Police were able to track down a man accused of rape through a Facebook “friend request” sent to the alleged victim on the night she claims she was attacked.
The woman, who cannot be named for legal reasons, told police she was attacked by Saulius Bauza, of Broad Road in Arvagh, Ireland.
She says the 40-year-old abducted and raped her at a guesthouse in Huntly on April 7, 2019.
He denies the charges against him, and lodged a special defence of consent in relation to the rape allegation.
The High Court in Aberdeen yesterday heard from detective constable Tanya McCall that the alleged victim had received a Facebook friend request from Bauza on the night she claims she was attacked by him.

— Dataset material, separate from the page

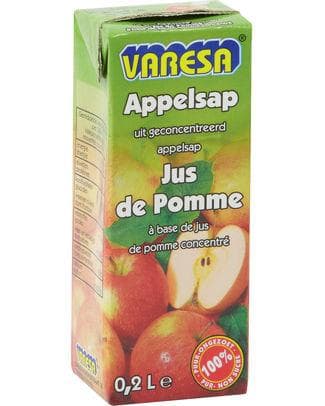JUS DE POMME BRICK 20CL 6-PACK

Taking the stand on the third day of the trial, which is being heard before a remote jury of eight men and seven women, Bauza claimed it was the woman who took his phone and added him as a Facebook friend while they were outside a club having a cigarette.

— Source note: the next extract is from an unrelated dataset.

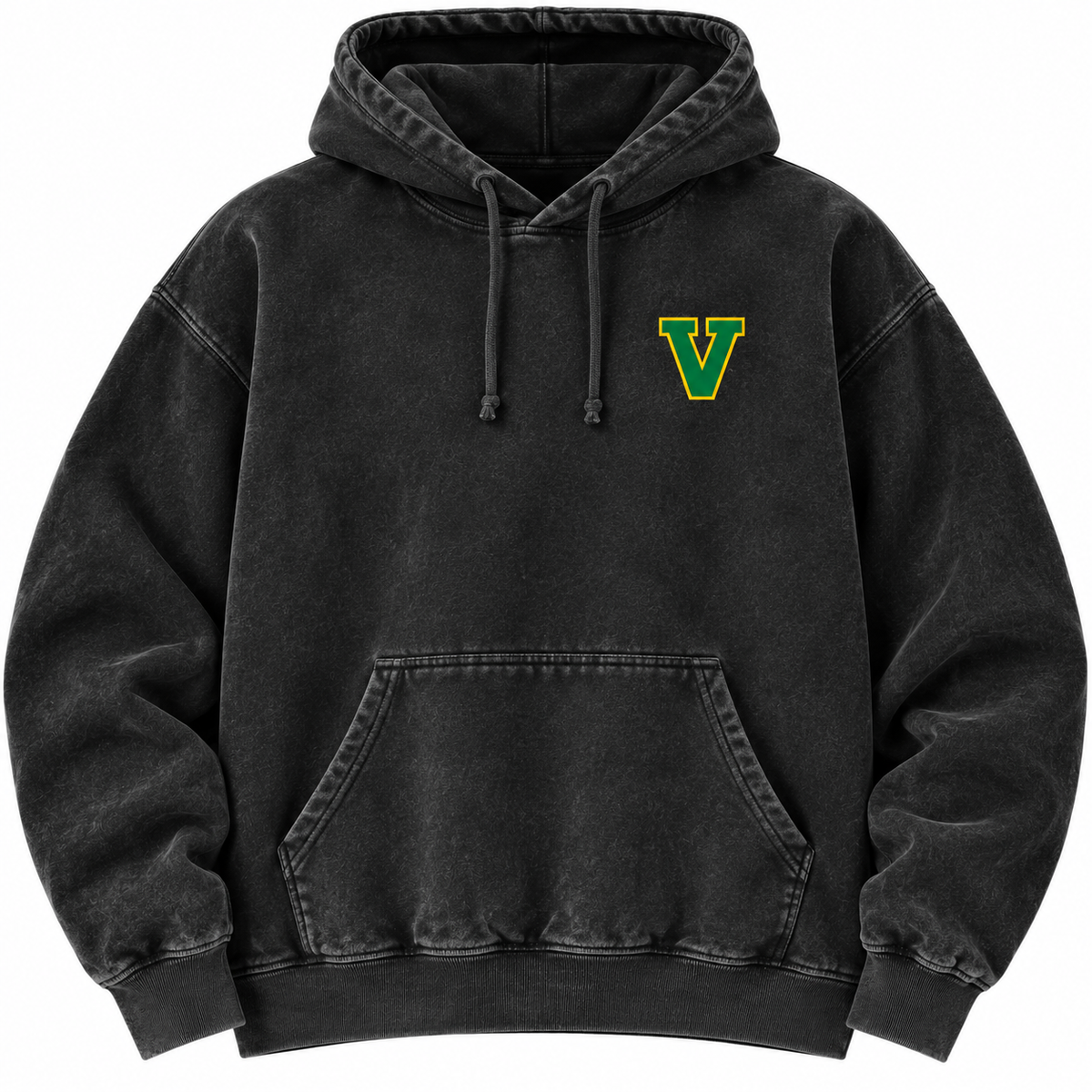 PIGMENT DYE HOODIE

He also claimed the woman, who is seen on CCTV leaving and then returning to the guesthouse on two occasions prior to the alleged rape, had been behaving erratically and that he had been “concerned for her” that night.
The doctor who examined the woman after she called the police told the court he found injuries “consistent with blunt force trauma”.

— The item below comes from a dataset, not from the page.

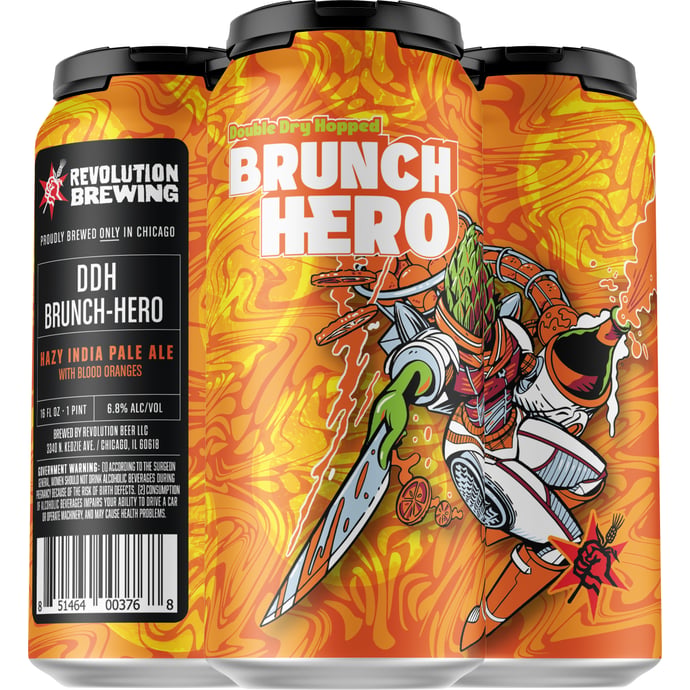 Revolution Double Dry Hopped Brunch Hero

Forensic physician Dr Stuart Taylor said two of the wounds were in “an unusual site for accidental injury”.
Dr Taylor noted a total of 11 bruises, red marks and scratches on the woman during a physical examination later in the day she claims she was attacked.
The court had already been shown CCTV footage of the woman and Bauza dancing together that night as well as further videos of them walking through Huntly together.
Jurors were also shown footage of a woman running away from the guesthouse in a towel and falling, as well as another video with the woman walking away from the guesthouse at 4.21am being followed by Bauza.
She received a large cut to her chin as a result of the fall.
The court was shown a printed diagram of a female body with injuries noted on the woman’s abdomen, arms and inner thigh.
Advocate depute Ann Gray asked Dr Taylor to clarify his statement that the injuries found to the alleged victim’s right thigh were “in an unusual site for accidental injury”.
He said: “You often see bruising on people who may have fallen, or knocked themselves or bumped against something, and that tends to be on the outer aspect of thighs or arms.
“It’s much less likely you would injure yourself on the inside of your thighs as a result of bumping into something or having fallen.”
However, cross-examining the witness, defence counsel Leigh Lawrie asked Dr Taylor if he was able to say whether the injuries were “all acquired at the same time”.
Dr Taylor said: “It is not possible to say when they were acquired”.
Ms Lawrie added: “Depending on how she fell, is it possible that any of the other bruises could have been suffered during the fall?”
Dr Taylor responded by stating that “some of the other bruises may been suffered during the fall”.
The trial, before Judge Graham Buchanan, continues.